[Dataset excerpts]
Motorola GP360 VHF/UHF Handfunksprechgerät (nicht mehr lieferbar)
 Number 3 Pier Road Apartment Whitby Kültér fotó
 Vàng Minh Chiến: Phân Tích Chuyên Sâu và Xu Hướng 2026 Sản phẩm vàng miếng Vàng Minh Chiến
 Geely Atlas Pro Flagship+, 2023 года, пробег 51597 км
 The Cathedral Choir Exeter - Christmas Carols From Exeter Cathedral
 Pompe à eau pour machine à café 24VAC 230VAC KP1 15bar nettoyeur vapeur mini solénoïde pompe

## INSTRUCTIONS FOR THE TASK
Please output every line shown above exactly.

## SOLUTION TO THIS TASK
Motorola GP360 VHF/UHF Handfunksprechgerät (nicht mehr lieferbar)
 Number 3 Pier Road Apartment Whitby Kültér fotó
 Vàng Minh Chiến: Phân Tích Chuyên Sâu và Xu Hướng 2026 Sản phẩm vàng miếng Vàng Minh Chiến
 Geely Atlas Pro Flagship+, 2023 года, пробег 51597 км
 The Cathedral Choir Exeter - Christmas Carols From Exeter Cathedral
 Pompe à eau pour machine à café 24VAC 230VAC KP1 15bar nettoyeur vapeur mini solénoïde pompe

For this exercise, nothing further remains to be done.